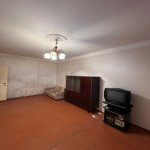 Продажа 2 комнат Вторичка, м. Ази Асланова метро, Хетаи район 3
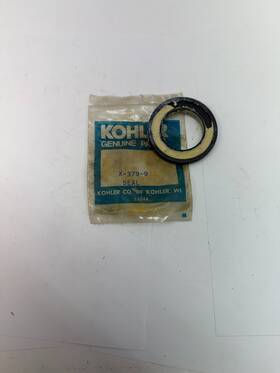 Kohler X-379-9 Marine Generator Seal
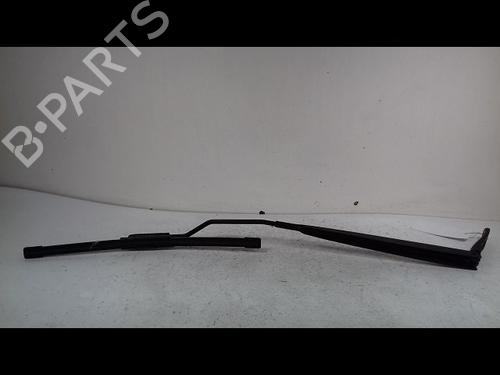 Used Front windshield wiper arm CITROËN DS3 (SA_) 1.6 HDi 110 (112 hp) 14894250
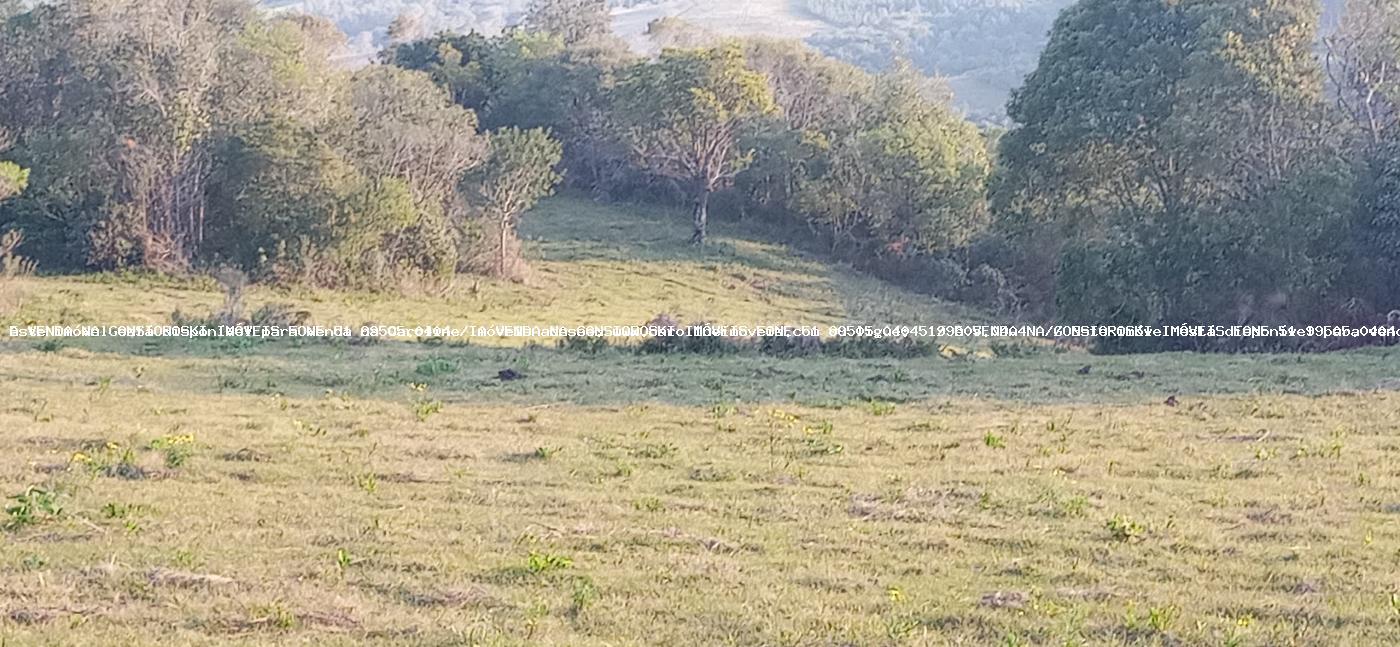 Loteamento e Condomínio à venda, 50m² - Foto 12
^^^^^^^^
* _DIRECTIONS_:
Starting at the line that contains "Used Front windshield", write out exactly each line through the last one in the listing above, leaving out the pictures and adding nothing else.

* _SOLVED EXERCISE_:
 Used Front windshield wiper arm CITROËN DS3 (SA_) 1.6 HDi 110 (112 hp) 14894250
 Loteamento e Condomínio à venda, 50m² - Foto 12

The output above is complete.